TASK MATERIAL ->
--------
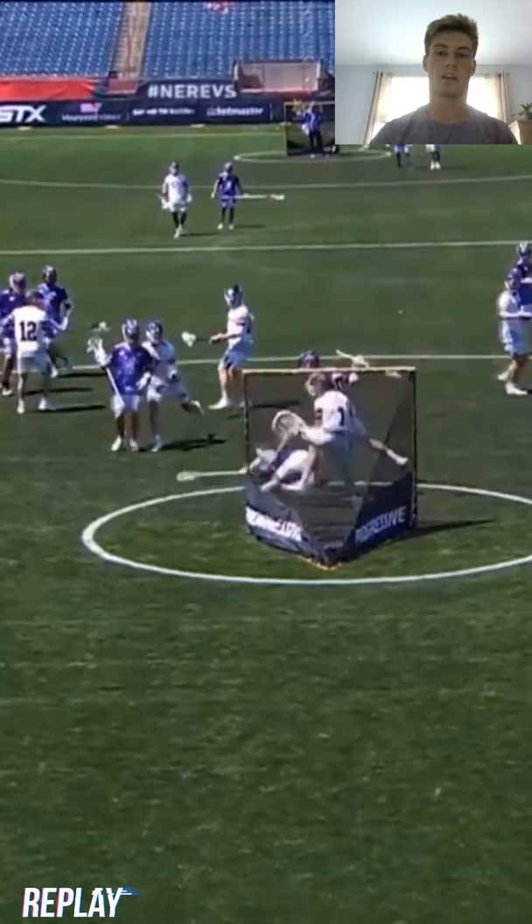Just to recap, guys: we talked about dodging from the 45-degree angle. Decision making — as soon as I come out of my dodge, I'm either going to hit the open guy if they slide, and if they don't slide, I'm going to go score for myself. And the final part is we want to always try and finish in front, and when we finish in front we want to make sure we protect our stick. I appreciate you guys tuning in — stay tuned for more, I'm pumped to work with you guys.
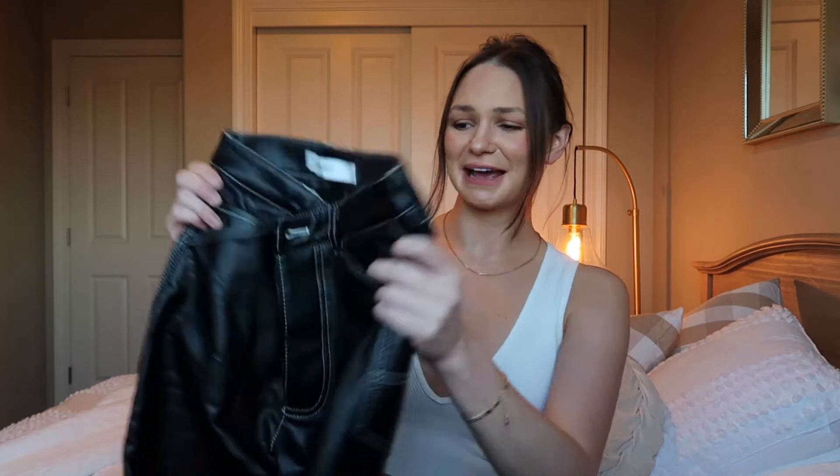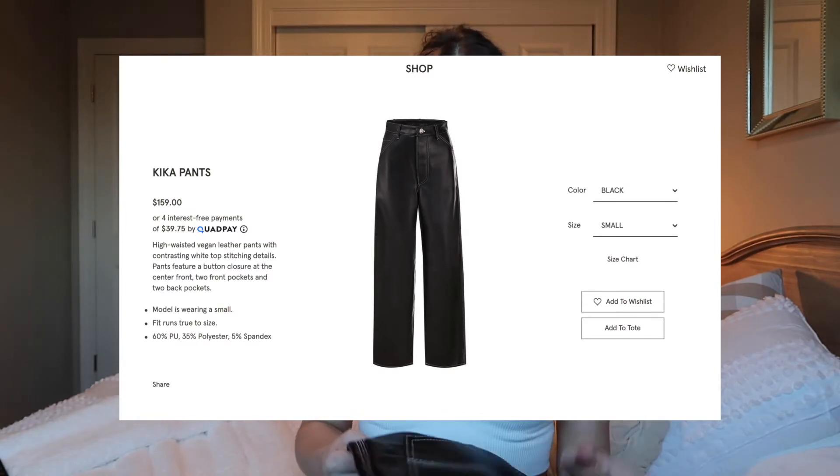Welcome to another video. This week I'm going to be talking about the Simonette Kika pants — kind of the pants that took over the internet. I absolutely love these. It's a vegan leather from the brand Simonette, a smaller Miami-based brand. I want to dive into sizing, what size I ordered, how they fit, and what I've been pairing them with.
--------
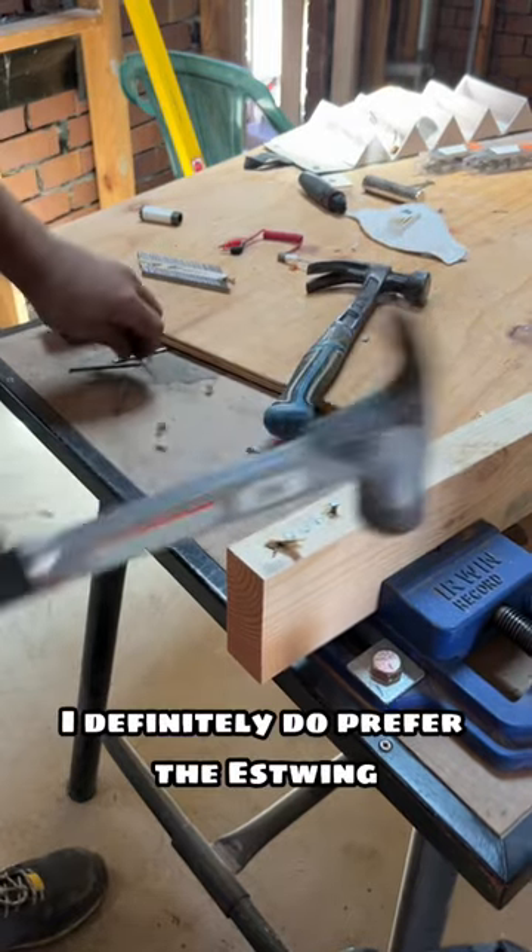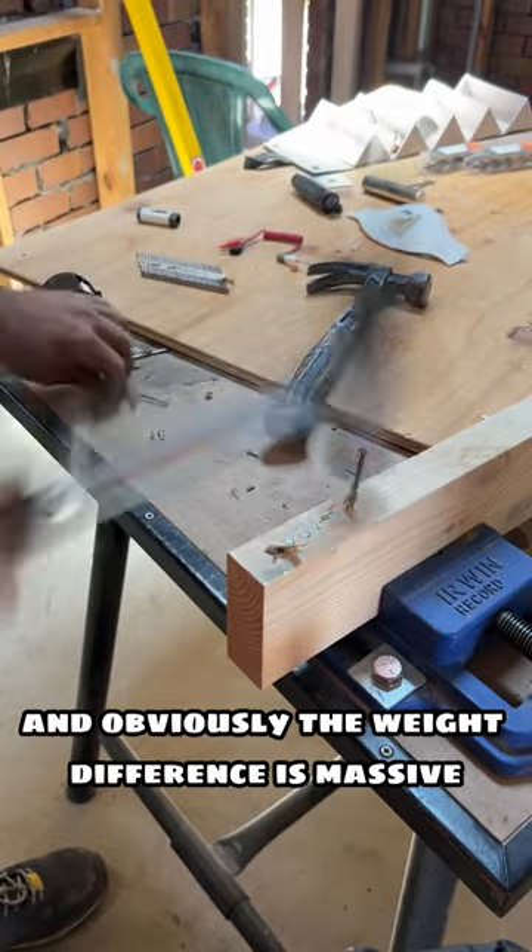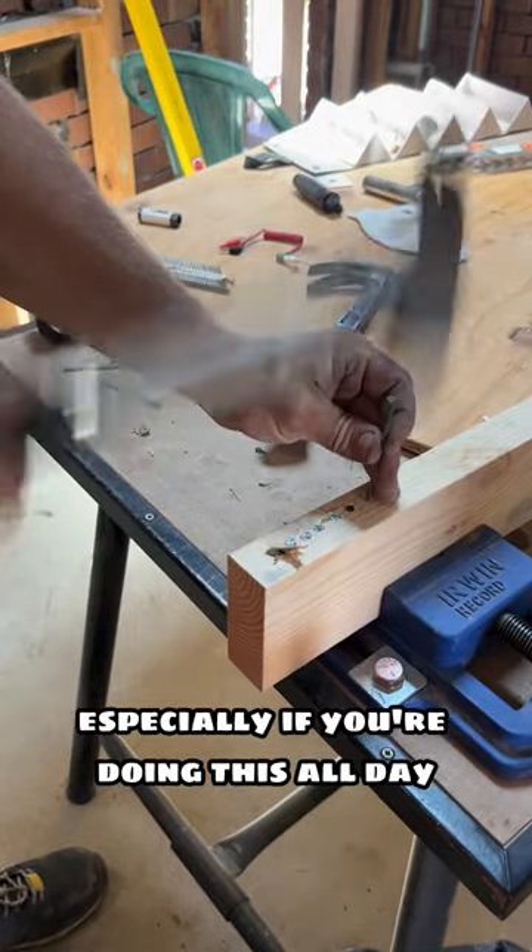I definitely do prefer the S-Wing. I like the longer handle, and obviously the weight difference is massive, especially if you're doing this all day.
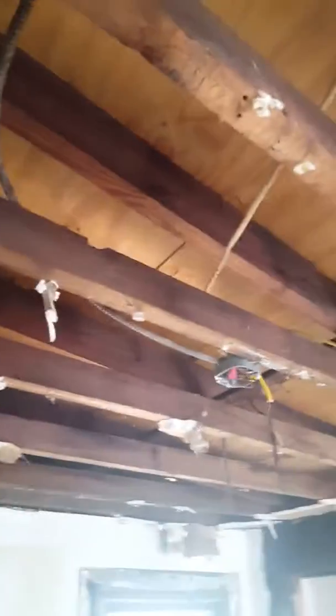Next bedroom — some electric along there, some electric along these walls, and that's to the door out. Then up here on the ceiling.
--------
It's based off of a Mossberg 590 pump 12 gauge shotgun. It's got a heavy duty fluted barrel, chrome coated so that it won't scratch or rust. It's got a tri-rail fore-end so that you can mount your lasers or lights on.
--------
TASK GOAL -> Reproduce the listing above exactly from the line containing "Just to recap, guys: we" up to and including the line containing "Welcome to another", omitting any images and everything outside those lines.

TASK RESULT ->
Just to recap, guys: we talked about dodging from the 45-degree angle. Decision making — as soon as I come out of my dodge, I'm either going to hit the open guy if they slide, and if they don't slide, I'm going to go score for myself. And the final part is we want to always try and finish in front, and when we finish in front we want to make sure we protect our stick. I appreciate you guys tuning in — stay tuned for more, I'm pumped to work with you guys.
Welcome to another video. This week I'm going to be talking about the Simonette Kika pants — kind of the pants that took over the internet. I absolutely love these. It's a vegan leather from the brand Simonette, a smaller Miami-based brand. I want to dive into sizing, what size I ordered, how they fit, and what I've been pairing them with.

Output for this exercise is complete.